What is needed:
Starting at the line with "black and white" and going on through the line with "Ein Raum mit", reproduce each line in the records below exactly and nothing more.

Task material:
______

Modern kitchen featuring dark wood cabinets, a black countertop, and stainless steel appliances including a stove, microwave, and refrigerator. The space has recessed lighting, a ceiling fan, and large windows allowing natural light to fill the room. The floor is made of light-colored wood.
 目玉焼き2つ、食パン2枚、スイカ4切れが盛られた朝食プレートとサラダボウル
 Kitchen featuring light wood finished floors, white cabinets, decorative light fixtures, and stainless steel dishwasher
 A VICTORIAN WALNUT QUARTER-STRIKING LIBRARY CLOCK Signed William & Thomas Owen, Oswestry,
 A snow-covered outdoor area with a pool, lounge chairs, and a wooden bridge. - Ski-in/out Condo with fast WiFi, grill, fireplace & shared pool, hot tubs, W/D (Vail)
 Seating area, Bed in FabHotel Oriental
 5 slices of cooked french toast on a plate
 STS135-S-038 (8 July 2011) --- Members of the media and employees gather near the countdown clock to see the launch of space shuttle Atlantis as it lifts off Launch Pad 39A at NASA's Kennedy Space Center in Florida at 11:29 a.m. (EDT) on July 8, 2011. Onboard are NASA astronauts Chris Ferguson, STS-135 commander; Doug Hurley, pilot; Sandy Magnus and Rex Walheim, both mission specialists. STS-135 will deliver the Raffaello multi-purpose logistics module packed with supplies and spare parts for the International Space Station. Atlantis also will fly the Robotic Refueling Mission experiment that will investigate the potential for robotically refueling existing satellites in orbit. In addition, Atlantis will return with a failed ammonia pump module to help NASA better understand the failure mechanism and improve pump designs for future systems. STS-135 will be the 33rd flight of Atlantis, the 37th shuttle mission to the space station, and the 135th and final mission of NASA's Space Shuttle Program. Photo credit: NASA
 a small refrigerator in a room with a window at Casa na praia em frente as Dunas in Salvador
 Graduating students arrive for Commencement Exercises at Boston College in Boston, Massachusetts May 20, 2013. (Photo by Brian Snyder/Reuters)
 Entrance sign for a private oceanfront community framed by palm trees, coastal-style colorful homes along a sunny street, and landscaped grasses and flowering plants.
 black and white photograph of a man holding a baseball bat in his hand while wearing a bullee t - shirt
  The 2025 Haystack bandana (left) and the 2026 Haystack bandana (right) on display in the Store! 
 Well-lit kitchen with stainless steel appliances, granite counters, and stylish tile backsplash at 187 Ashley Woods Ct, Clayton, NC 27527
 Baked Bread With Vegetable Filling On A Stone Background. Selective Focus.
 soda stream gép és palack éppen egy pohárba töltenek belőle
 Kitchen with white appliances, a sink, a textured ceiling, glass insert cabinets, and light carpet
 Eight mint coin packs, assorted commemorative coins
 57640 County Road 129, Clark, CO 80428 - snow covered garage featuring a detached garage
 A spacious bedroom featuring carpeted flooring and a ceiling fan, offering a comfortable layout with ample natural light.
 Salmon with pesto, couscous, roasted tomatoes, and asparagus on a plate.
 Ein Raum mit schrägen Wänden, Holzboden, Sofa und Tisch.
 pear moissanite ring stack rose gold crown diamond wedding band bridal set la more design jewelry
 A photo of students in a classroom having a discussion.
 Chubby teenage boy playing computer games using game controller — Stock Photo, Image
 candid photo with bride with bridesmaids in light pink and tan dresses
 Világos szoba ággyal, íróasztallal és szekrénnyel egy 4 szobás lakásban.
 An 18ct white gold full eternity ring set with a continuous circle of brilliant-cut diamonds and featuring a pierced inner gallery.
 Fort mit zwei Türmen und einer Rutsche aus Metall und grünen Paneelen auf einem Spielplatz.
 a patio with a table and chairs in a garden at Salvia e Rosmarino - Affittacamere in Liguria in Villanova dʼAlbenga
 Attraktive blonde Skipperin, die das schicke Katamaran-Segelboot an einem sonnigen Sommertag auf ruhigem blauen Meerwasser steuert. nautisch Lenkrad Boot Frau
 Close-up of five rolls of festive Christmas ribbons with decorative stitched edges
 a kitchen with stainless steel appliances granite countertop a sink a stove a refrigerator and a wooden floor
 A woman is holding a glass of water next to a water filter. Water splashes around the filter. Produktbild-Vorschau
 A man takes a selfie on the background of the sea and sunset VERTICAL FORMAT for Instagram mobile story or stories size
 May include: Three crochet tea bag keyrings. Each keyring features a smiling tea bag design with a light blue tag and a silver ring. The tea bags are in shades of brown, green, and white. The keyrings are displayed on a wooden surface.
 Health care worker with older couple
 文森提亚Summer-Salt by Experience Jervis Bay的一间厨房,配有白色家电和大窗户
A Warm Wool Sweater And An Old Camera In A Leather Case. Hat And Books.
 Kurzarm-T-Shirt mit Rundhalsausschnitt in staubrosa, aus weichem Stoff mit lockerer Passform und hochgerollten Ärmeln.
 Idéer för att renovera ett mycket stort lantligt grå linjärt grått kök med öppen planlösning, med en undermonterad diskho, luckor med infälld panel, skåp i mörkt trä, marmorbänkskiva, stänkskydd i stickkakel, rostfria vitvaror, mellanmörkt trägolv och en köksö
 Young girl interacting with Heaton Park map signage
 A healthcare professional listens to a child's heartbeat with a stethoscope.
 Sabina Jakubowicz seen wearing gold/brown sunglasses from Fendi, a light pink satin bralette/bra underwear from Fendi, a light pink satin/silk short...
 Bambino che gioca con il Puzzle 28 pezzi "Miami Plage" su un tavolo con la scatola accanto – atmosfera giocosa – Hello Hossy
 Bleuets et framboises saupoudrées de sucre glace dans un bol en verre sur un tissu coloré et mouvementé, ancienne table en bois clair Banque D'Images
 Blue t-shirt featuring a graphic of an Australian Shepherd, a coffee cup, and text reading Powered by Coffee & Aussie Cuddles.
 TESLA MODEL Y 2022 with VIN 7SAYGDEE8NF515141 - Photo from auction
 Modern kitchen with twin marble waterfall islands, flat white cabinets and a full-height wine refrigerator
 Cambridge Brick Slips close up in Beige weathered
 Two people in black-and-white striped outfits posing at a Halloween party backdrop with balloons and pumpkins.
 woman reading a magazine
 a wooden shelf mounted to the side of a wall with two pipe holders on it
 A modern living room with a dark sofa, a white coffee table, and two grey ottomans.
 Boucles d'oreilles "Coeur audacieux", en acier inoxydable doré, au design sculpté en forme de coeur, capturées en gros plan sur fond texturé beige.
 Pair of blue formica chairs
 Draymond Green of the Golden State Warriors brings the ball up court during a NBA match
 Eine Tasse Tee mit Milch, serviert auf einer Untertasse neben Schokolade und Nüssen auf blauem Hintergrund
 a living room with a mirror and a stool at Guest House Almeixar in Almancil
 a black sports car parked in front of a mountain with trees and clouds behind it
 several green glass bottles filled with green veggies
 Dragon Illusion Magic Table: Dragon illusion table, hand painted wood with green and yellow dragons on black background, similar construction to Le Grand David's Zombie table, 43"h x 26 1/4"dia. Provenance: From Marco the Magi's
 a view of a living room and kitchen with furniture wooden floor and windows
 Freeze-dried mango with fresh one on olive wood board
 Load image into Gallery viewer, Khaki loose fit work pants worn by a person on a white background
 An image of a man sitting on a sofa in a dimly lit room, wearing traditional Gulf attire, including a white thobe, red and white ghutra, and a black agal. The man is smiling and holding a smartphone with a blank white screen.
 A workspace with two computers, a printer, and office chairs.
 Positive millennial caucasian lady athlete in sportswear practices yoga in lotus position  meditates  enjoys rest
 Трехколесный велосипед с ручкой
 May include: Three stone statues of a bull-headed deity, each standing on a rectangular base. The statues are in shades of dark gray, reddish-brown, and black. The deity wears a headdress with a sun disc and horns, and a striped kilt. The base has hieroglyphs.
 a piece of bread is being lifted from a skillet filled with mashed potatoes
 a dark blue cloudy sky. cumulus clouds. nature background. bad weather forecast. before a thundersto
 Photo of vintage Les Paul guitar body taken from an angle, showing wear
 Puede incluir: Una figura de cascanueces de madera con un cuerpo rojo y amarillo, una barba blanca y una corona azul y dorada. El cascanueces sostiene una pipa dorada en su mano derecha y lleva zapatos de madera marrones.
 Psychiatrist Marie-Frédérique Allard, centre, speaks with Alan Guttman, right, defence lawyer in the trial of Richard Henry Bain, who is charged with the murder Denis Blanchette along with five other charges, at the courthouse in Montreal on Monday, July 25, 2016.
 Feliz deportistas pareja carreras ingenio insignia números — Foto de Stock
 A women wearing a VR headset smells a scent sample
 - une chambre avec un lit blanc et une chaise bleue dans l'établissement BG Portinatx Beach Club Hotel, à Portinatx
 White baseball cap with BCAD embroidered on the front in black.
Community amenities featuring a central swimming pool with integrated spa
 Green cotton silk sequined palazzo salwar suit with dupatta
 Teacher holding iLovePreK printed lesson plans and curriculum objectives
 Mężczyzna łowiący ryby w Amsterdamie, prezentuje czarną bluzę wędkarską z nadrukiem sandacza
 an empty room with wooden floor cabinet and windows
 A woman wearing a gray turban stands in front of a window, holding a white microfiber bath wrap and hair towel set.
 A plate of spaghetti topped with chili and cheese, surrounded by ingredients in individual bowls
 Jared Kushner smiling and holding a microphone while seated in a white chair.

______

Exercise result:
 black and white photograph of a man holding a baseball bat in his hand while wearing a bullee t - shirt
  The 2025 Haystack bandana (left) and the 2026 Haystack bandana (right) on display in the Store! 
 Well-lit kitchen with stainless steel appliances, granite counters, and stylish tile backsplash at 187 Ashley Woods Ct, Clayton, NC 27527
 Baked Bread With Vegetable Filling On A Stone Background. Selective Focus.
 soda stream gép és palack éppen egy pohárba töltenek belőle
 Kitchen with white appliances, a sink, a textured ceiling, glass insert cabinets, and light carpet
 Eight mint coin packs, assorted commemorative coins
 57640 County Road 129, Clark, CO 80428 - snow covered garage featuring a detached garage
 A spacious bedroom featuring carpeted flooring and a ceiling fan, offering a comfortable layout with ample natural light.
 Salmon with pesto, couscous, roasted tomatoes, and asparagus on a plate.
 Ein Raum mit schrägen Wänden, Holzboden, Sofa und Tisch.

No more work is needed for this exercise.